Data Platforms and Visualization, Finance
5 big data use cases in banking and financial services
For financial institutions mining of big data provides a huge opportunity to stand out from the competition. The data landscape for financial institutions is changing fast. It is not enough to leverage institutional data. This has to be augmented with open data like social to enhance decision making.
By using data science and machine learning to gather and analyze big data, financial institutions can reinvent their businesses. Financial Institutions are becoming aware of the potential of these technologies and are beginning to explore how data science and machine learning could enable them to streamline operations, improve product offerings, and enhance customer experiences.
Given our experience in Ideas2IT, implementing complex use cases for the financial industry, here we break down the top use cases of machine learning and data science in finance.
Catch stock market cheaters
Market surveillance depends on algorithms to identify patterns in trading data that might indicate manipulation and alert staff to investigate.
But the huge volumes of data can cause an enormous number of alerts, many of which are false alarms.
FINRA monitors roughly 50 billion events every day, including stock orders, modifications, cancellations, and trades. It looks for patterns in the events to uncover potential rule violations. But, most of the alerts received are false.
To tackle this issue, FINRA is developing a machine learning software that can look beyond the patterns and understand which situations truly deserve to be mentioned as red flags. In other words, the machine learning software will learn which trading patterns lead to legal charges, to classify the right ones.

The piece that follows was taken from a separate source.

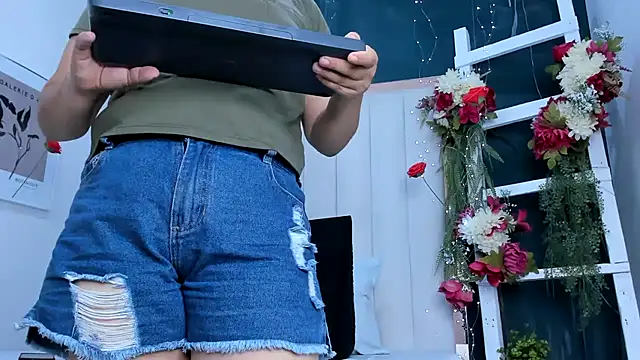 africa holmes online show from March 2026 03:12:02 AM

FINRA is planning to test its machine learning software alongside its existing system to compare the results. It has also moved its market surveillance system to AWS cloud, giving it more computing power to analyze data quickly.
Detect phone fraudsters
Customers contact their financial institutions over the phone to check account balances, open new lines of credit, change account information. Mostly, a call centre agent facilitates the customer’s request. However, the agents have few ways to determine whether the person they are speaking to on the phone is the actual customer, and this poses a serious threat to that customer’s information.
In recent years, the scope of call center fraud has become truly staggering. In 2015, one in every 2,000 calls was fraudulent. In 2016, that number jumped to 1 in 937, an increase of 113%.

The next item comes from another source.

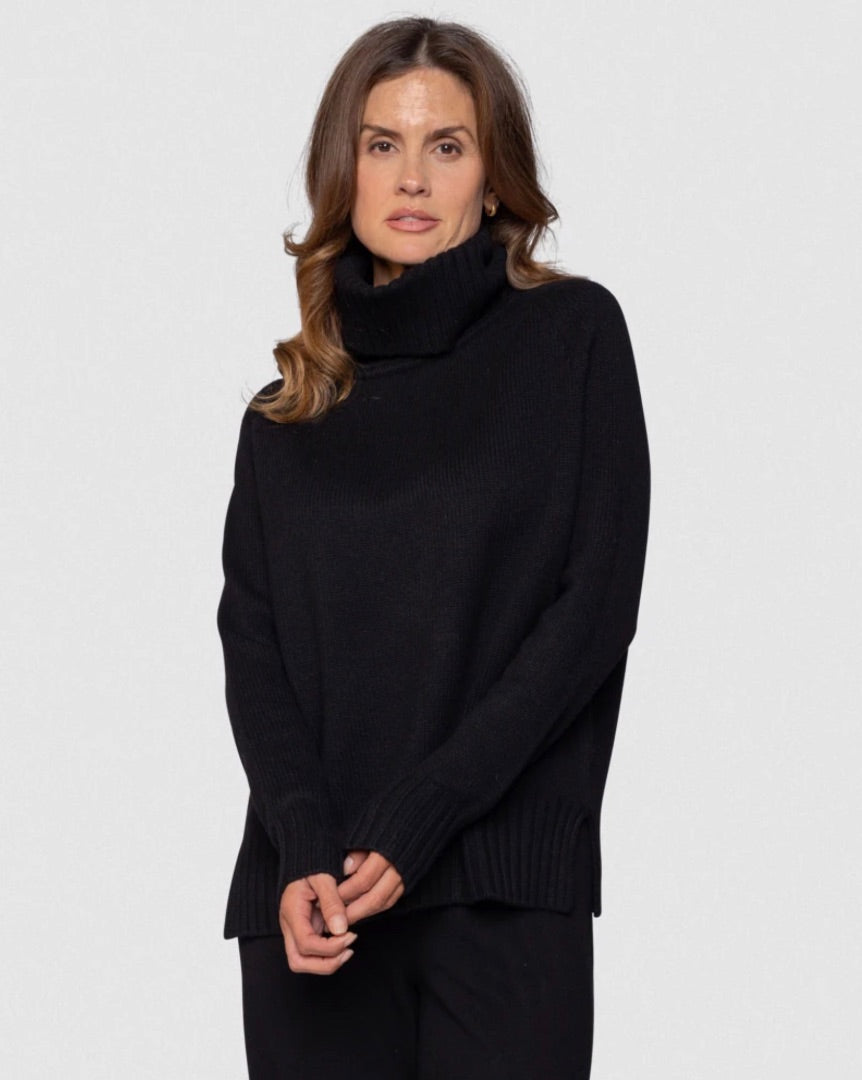 Black Goat Cashmere Cozy Cowl Neck in Black - Size Small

To solve this problem, Lloyds banking group partnered with Pindrop, an AI startup, to detect fraudulent phone calls. Pindrop can identify 147 features of a voice from a phone call or a Skype call which can help a person identify information like the caller’s location. The software will be integrated into Lloyd’s customer service offices. The banking agents will get an alert if the call is fraudulent so that they can pass the call to fraud specialists.
Lloyds banking group will introduce the software across the Lloyds Bank, Halifax and Bank of Scotland brands early next year.
Understand customers better
Today banks are using big data to create a 360-degree view of each customer based on how everyone individually uses mobile or online banking, branch banking or other channels.
A good example of this is Danske bank. The bank wanted to predict the needs of their customers and understand them on a more personal level. So, they created an in-house startup, advanced analytics, to transform business units using machine learning and AI.
The team analyzed large volumes of data to identify their customer’s preferred means of communication, such as phone, email, or social media. This valuable information has increased the hit rate of their marketing campaigns four times.
They also built a machine learning model to study the online behavior of their customers and discover situations where customers needed financial advice.
Streamline client payment processing
Reconciling payments is costly and time-consuming. Especially, when there are large quantities involved. Bank of America Merrill Lynch developed a new solution in August 2017 called Intelligent Receivables (IR) to help companies drastically improve their straight-through reconciliation (STR) of incoming payments.
Bank of America Merrill Lynch’s Intelligent Receivables, powered by High Radius’s leading-edge machine learning technology, will help their corporate clients to accelerate the adoption of electronic payments from their end-customers.
IR is a well-suited solution for firms that manage lots of payments where the remittance information is either missing or received separately from the payment.
Reduce financial crimes and parse commercial loan agreements
The Singapore based OCBC bank revealed plans to use artificial intelligence and machine learning as a part of its efforts to curb financial crimes. The bank plans to use these technologies to monitor anti-money laundering and to improve the accuracy in detecting suspicious transactions.
OCBC Bank along with ThetaRay, a fintech company, conducted a proof of concept (POC) at the starting of this year. Now, the bank plans to start an extended POC and pre-implementation phase. The algorithm will detect anomalies in transaction behavior by accessing different features such as products, customers, and risks. In the POC stage, the technology was deployed to analyze OCBC’s one-year transaction data, and it decreased the number of alerts, that did not needed further review, by 35%.
Interpreting legal and financial documents is a mind-numbing job for legal teams in financial institutions.
JP Morgan Chase & Co built a machine learning program called COIN(contract intelligence) to analyze financial deals. Before the project went live in June 2016, lawyers and legal teams spent 360,000 hours parsing commercial documents. Whereas, now, the software can review documents in seconds, and makes fewer errors.
The bank also plans to use COIN for other types of complex legal filings such as credit-default swaps and custody agreements.